According to the 2016 Irish census, the latest for which numbers are available, 39.8% of the Irish population can speak Irish, which is down from 41.4% in 2011. 

Of the 1.7m people who said they could speak the language, only 73,803 — 1.7% of the population — said they did so daily outside an educational setting — due in part to a more academically-focused curriculum, and a lack of opportunities to develop their skills in social or conversational settings. It hasn’t felt to many, for right or wrong, like a “living language”.
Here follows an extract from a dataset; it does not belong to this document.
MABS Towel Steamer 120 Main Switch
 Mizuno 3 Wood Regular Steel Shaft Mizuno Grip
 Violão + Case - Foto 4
Bíonn mo chuid Gaeilge an-bhriste fós, but I’m gradually working away, amid a cultural moment that’s taken learning the language from an act of reconnection, to the next chapter, a living and breathing entity — representing a break not only from the historic fear of figures like Peig Sayers, or memories of cringeworthy aural-exam tapes, but also with the imperatives and implied mores of Anglophone society.

“Observing people going through that experience of reconnection... it’s a privilege to witness that”, says former Wexford hurler Diarmuid Lyng, co-founder of the Wild Irish Retreats in Corca Dhuibne, West Kerry.

“People definitely come in with a desire to change, and maybe they’re not as inclined to use the English language to remedy something — their use of English has possibly created that problem. They’re now moving more towards the Irish language to create new synapses in the brain, to reshape themselves in relation to their own language. It’s the combination of old cultural wisdom with new scientific understandings of what impact language has on the mind, on the person.”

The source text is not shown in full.